--- Given data Enclosed Below ---
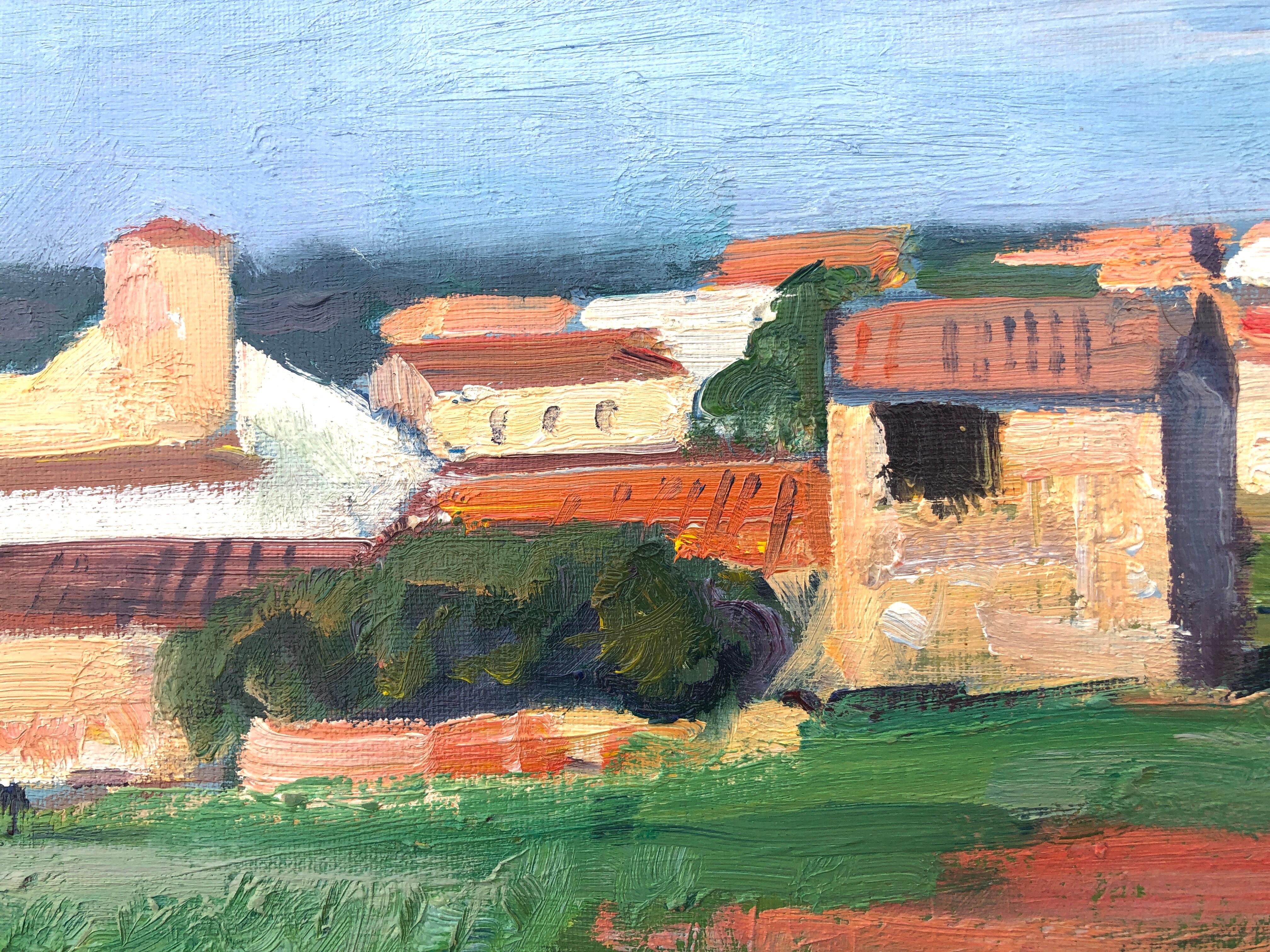 Robledo España óleo paisaje español arte europeo - Landscape Painting Gris de Rafael Duran Benet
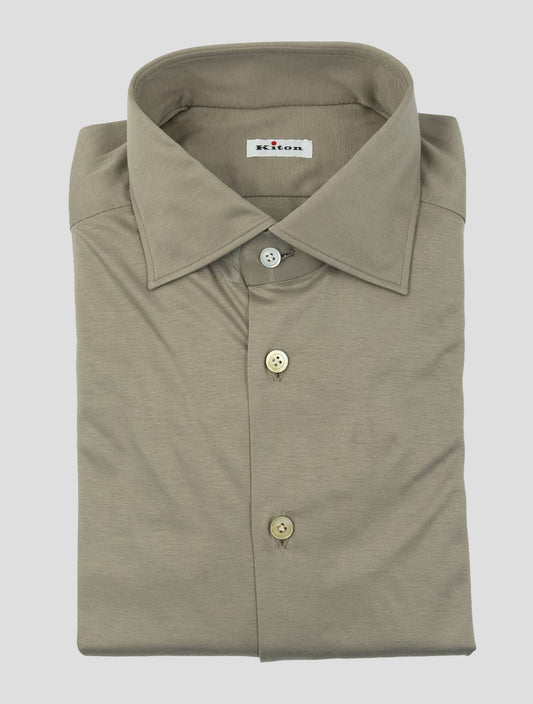Kiton Brown Cotton Shirt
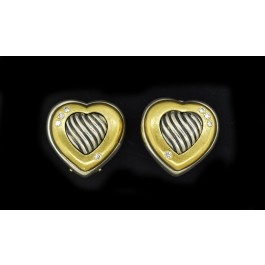 Vintage David Yurman 18k Gold 925 Sterling Silver Diamond Heart Clip On Earrings
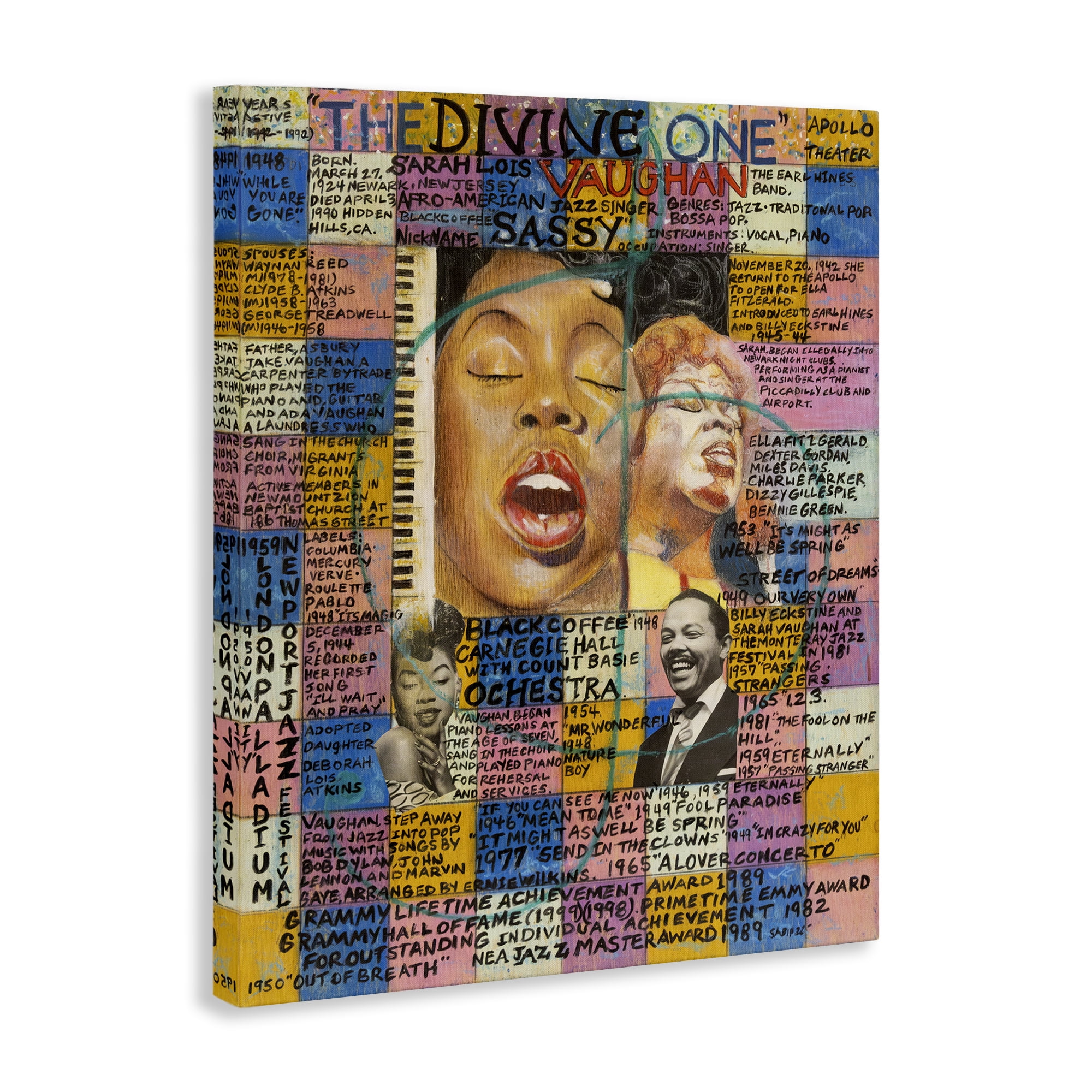 Stupell Industries Sarah Lois Vaughan Collage People Drawing Wrapped Canvas Art Print Wall Art, 30 x 40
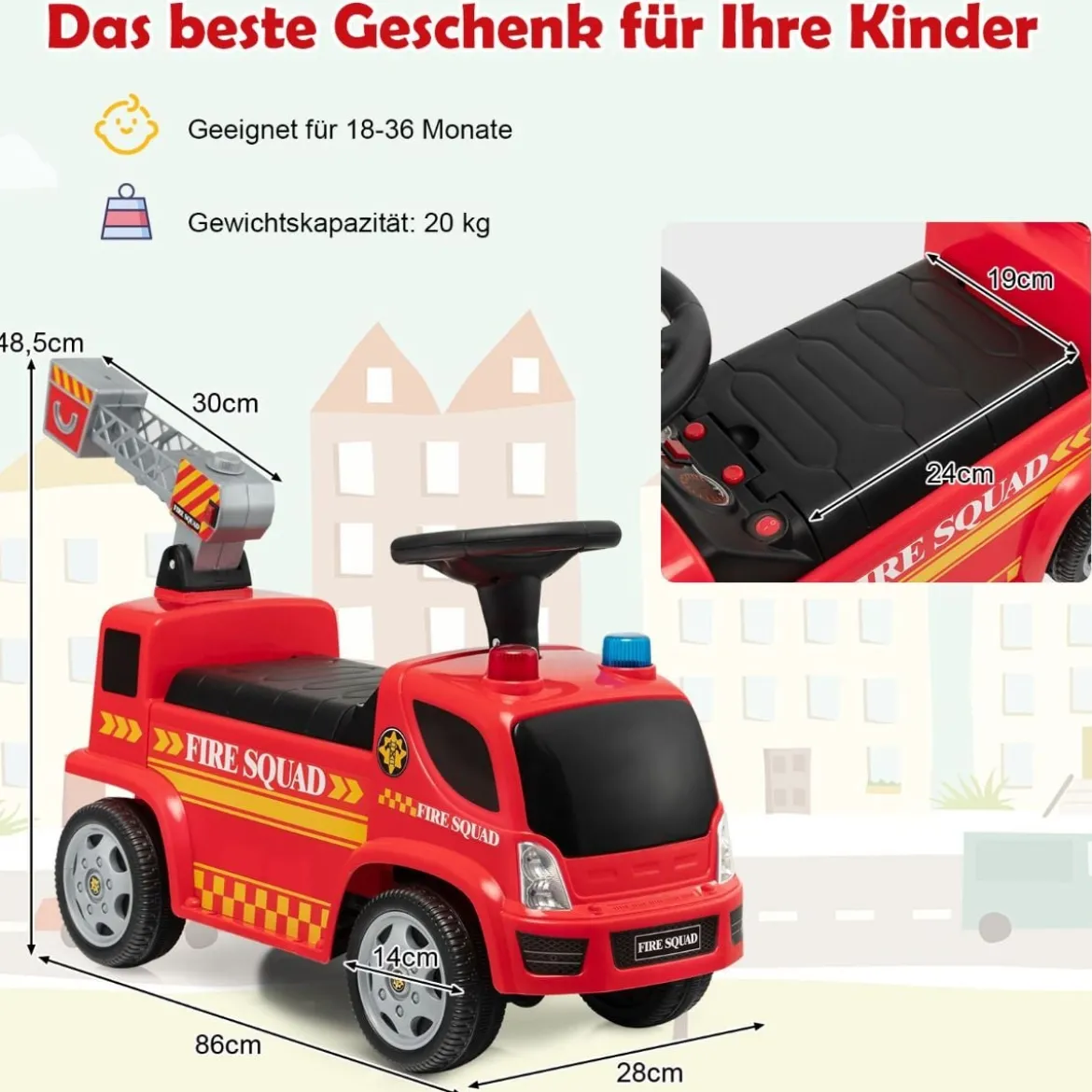 Kinder Feuerwehrauto mit Seifenblasenpistole & Leiter für Kinder von 18-36 Monaten Rot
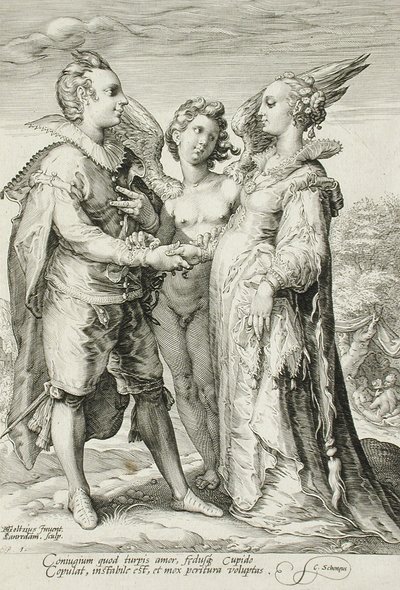 Ehe zum Vergnügen, Platte 1 der Ehe-Trilogie, um 1594 von Jan Saenredam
--- End of Enclosed Given data ---
**Work to be completed**
The response consists of the data above printed line for line, with no pictures.

**Answer to the exercise**
 Robledo España óleo paisaje español arte europeo - Landscape Painting Gris de Rafael Duran Benet
Kiton Brown Cotton Shirt
 Vintage David Yurman 18k Gold 925 Sterling Silver Diamond Heart Clip On Earrings
 Stupell Industries Sarah Lois Vaughan Collage People Drawing Wrapped Canvas Art Print Wall Art, 30 x 40
 Kinder Feuerwehrauto mit Seifenblasenpistole & Leiter für Kinder von 18-36 Monaten Rot
 Ehe zum Vergnügen, Platte 1 der Ehe-Trilogie, um 1594 von Jan Saenredam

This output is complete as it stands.